Luckily for them, their son Dan is a founding partner of Spiegel Aihara Workshop, which, according to their profile, is a “trans-disciplinary firm operating at the nexus of architecture, landscape, and urban design.”

Regardless of his personal attachment to the project, the home Dan Spiegel built was to stand as an innovative beacon in the Silicon Valley cluster of sprawling mansions that Dan believes waste space, energy, and resources. The Low/Rise House is his counter-proposal to greater, more wasteful suburban development. “Given the great advances of technology emerging from Silicon Valley, architectural innovation surprisingly lags behind,” Spiegel says.

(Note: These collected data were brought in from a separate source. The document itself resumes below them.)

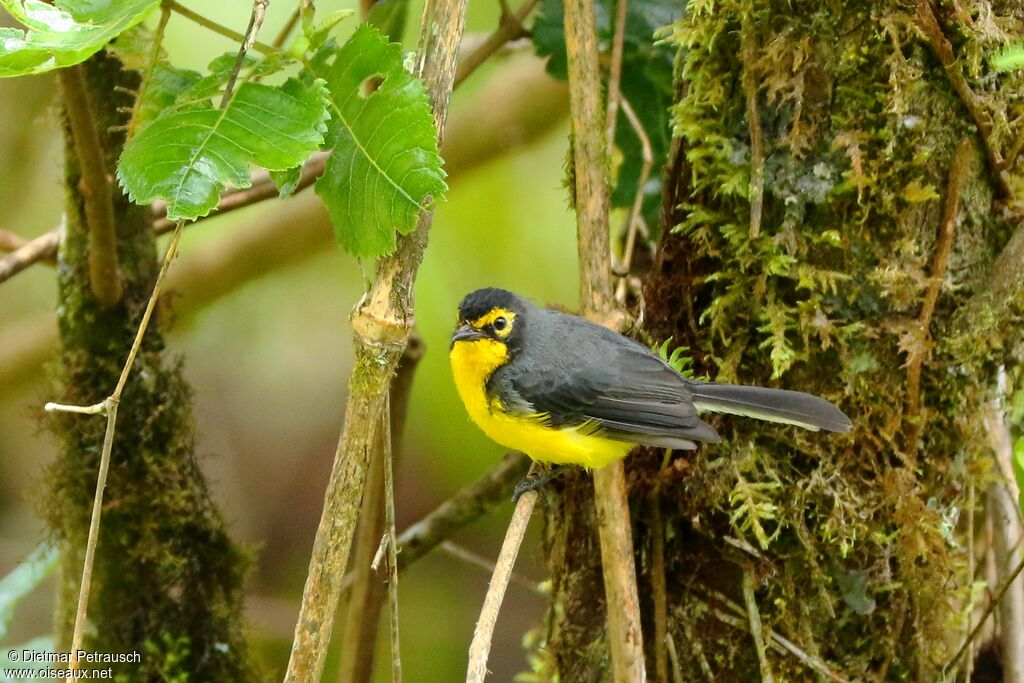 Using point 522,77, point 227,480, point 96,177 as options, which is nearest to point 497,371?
point 96,177

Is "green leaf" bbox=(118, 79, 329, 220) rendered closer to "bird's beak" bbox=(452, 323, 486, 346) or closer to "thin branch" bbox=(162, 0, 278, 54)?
"thin branch" bbox=(162, 0, 278, 54)

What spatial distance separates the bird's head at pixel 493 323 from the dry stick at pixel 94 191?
0.97m

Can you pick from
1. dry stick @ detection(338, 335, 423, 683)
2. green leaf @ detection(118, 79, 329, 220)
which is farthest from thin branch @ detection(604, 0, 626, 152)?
green leaf @ detection(118, 79, 329, 220)

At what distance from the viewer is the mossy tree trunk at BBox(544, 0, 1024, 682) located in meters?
1.91

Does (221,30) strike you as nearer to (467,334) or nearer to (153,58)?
(153,58)

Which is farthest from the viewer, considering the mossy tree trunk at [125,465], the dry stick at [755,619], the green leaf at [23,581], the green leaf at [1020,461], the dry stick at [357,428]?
the green leaf at [23,581]

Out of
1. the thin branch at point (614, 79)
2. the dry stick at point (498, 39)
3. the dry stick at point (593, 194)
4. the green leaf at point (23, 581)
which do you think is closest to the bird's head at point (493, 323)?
the dry stick at point (593, 194)

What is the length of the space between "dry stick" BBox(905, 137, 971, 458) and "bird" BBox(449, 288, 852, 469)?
214mm

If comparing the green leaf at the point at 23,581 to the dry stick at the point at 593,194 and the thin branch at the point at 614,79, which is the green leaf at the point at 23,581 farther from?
the thin branch at the point at 614,79

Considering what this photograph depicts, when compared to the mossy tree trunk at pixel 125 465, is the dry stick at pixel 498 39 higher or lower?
higher

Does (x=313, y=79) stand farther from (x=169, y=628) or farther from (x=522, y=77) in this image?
(x=522, y=77)

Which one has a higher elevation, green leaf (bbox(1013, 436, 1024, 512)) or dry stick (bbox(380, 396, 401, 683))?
green leaf (bbox(1013, 436, 1024, 512))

The Low/Rise House boasts a number of energy efficient techniques, including radiant floor heating and hidden solar panels that generate 90% of the home’s energy. Keeping in mind his parents’ desire for a one-story home, Spiegel designed the home as two low buildings that join in the middle. There is a three-story tower on one end of the house for guest use, and that part of the property can be shut off with an app to conserve utilities when not in use. Sliding glass panels let in plenty of natural light to help with lighting costs, and all of the doors and windows are made of low-E glass panels which are designed to emit low levels of radiant heat to warm the house—according to Spiegel, it’s so well insulated it doesn’t even need air conditioning. The kitchen uses only energy-efficient appliances and fixtures to save energy and money, appliances like an induction stove and low-flow faucets.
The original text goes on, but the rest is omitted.